On the west coast of southern Africa, the country of Namibia is vast and mostly desolate. Bisected by the Tropic of Capricorn (we stopped at the sign), its western border is the icy Atlantic Ocean. In the east, it is bordered by the Kalahari Desert. Yet it is a land of magnificent beauty — towering sand dunes, jagged mountains, geological wonders (including diamond mines), wild animals, ancient tribes and botanical marvels.
Some days it was rather cold, especially when we were outside at night photographing the Milky Way in a Quiver Tree Forest near Keetmanshoop (the farthest point south on our journey), and, though right now it is the Namibian winter, we experienced days in the desert sun that reached into the 90s.
The Quiver Tree (Kokerboom in Afrikaans) is not really a tree, but a plant in the Aloe family. The “trees” are most often seen standing singly in very arid and rocky areas. They can grow to between 200 and 300 years old and reach about 30 feet in height. From a distance they look like huge lollipops on the horizon as Dr. Seuss might draw them.

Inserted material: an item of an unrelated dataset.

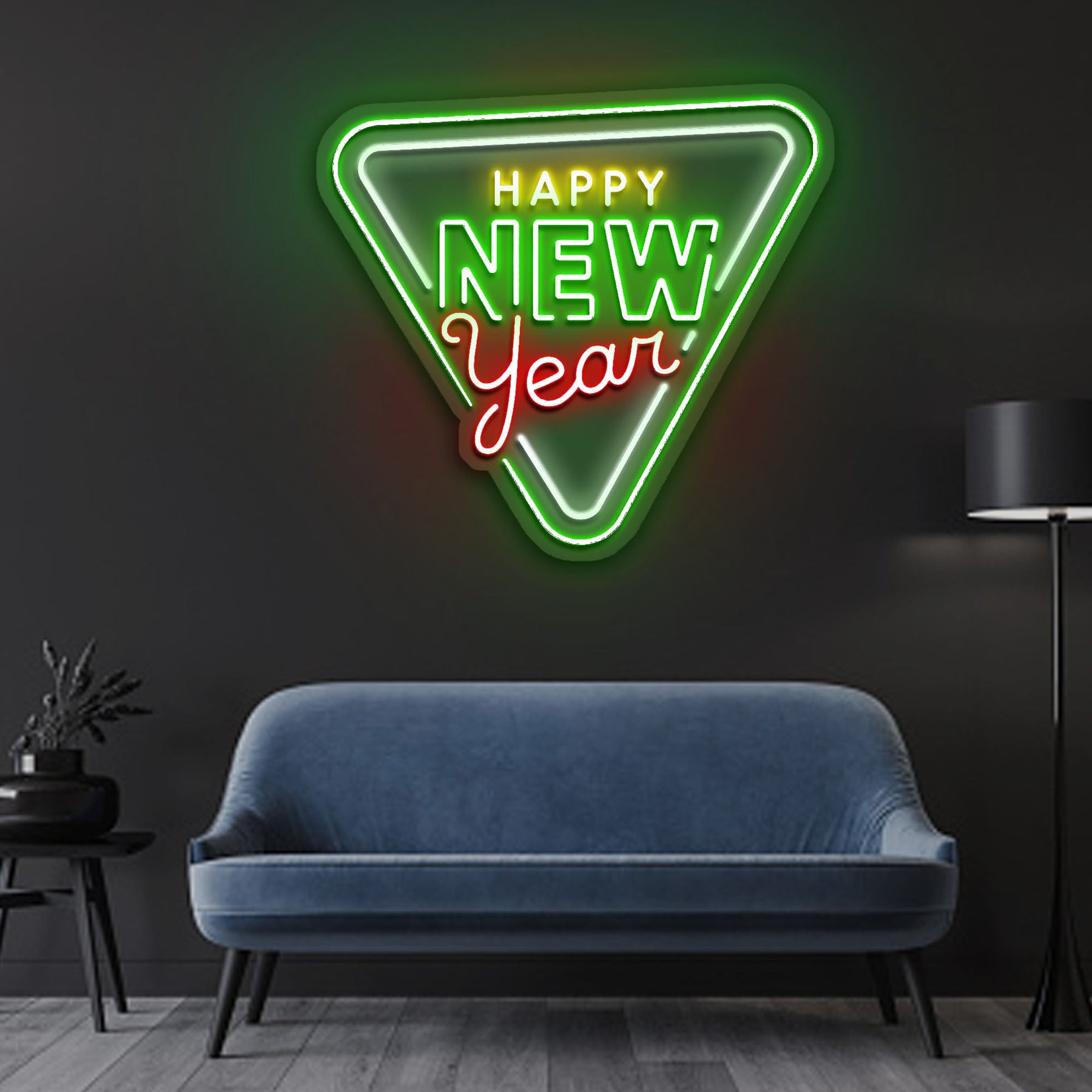 Happy New Year Triangle Neon Sign Led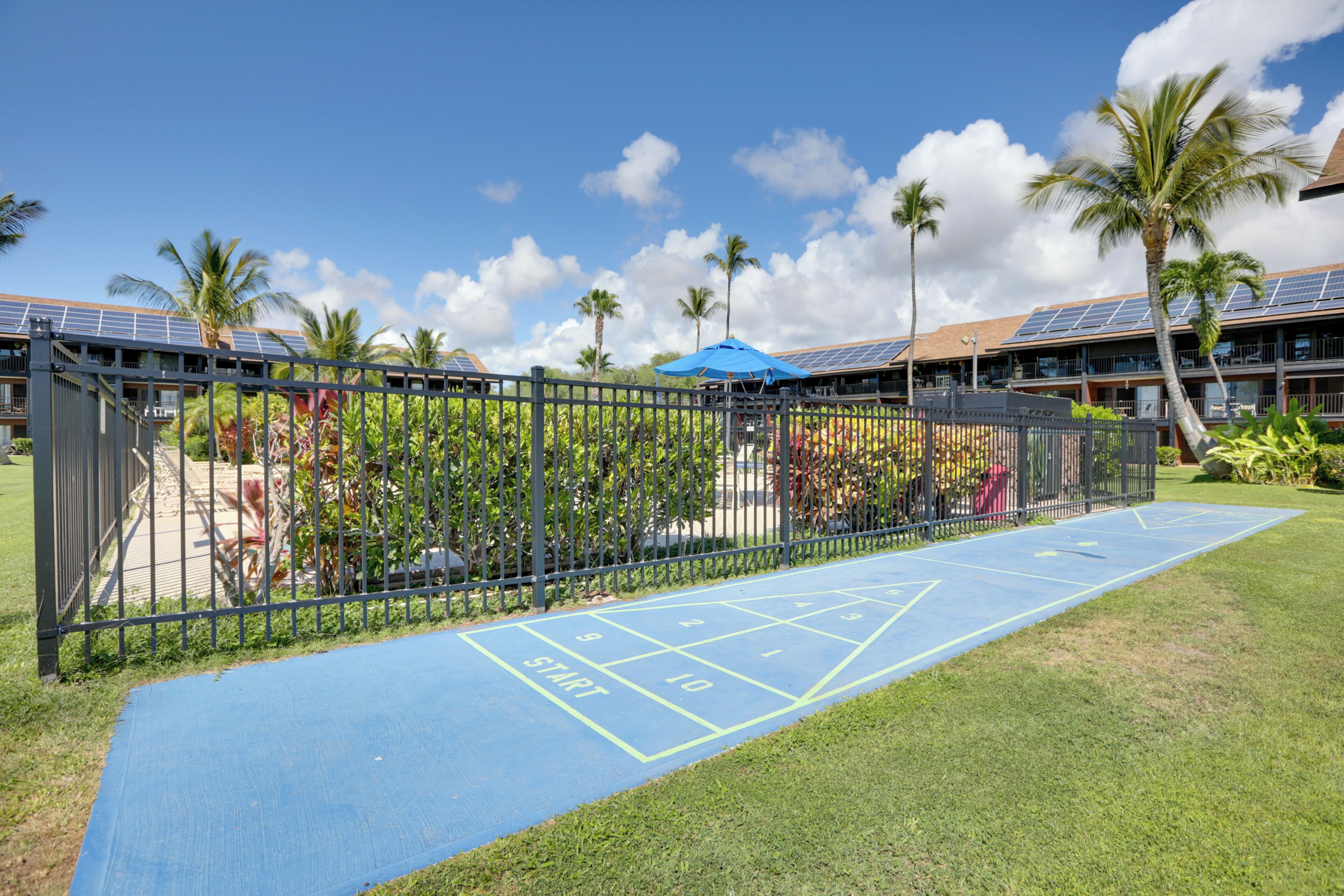 A shuffleboard court with a blue surface and numbered squares, surrounded by a fence and palm trees.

The trunk of the Quiver Tree is tapered and covered with a rich brown yellow-patterned bark that flakes off leaving a scaly effect on the trunk. The edges of these scales can be quite sharp. I know, because I ran my hand over one and walked away with several small nicks in my fingers. The core of the trunk is mainly fibrous which allows for water storage.
Older trees bristle with a profusion of branches that are silver in appearance. The tree branches exude fine droplets of a liquid that, when dried, leaves behind a silver talcum-like powder that helps reflect the bright light, acting like a natural sun-screen keeping the trees cool.
My images were captured on a 2,500 mile expedition over mostly bumpy and dusty dirt roads, and thus it will take a long time before I am finished with the necessary sorting and editing. In the meantime I will be sharing some of my favorites with a few comments in successive posts.
For the creatures and the peoples that live in Namibia (lots of Lutherans) it is paradise (if you can live with very little water!). The gingerbread-looking Christ Church Lutheran in the capital city of Windhoek was built in 1907 and still has worship services in German. But my favorite choruses came at night when I heard the sounds of singing and drums in the distance and the gentle lapping of water by giraffes and rhinos in the Okaukuejo waterhole at Etosha National Park.
The journey to this strange and remote land was spiritual and humbling. It is said we are all children of Mother Africa, and I have come to believe this after laughing with women in a Himba village and doing my own dance in the desert dunes trying to shake off a lizard that had crawled up my pant leg. (pictured here). I survived that episode, but the sights and experience of Namibia as a whole will be with me forever.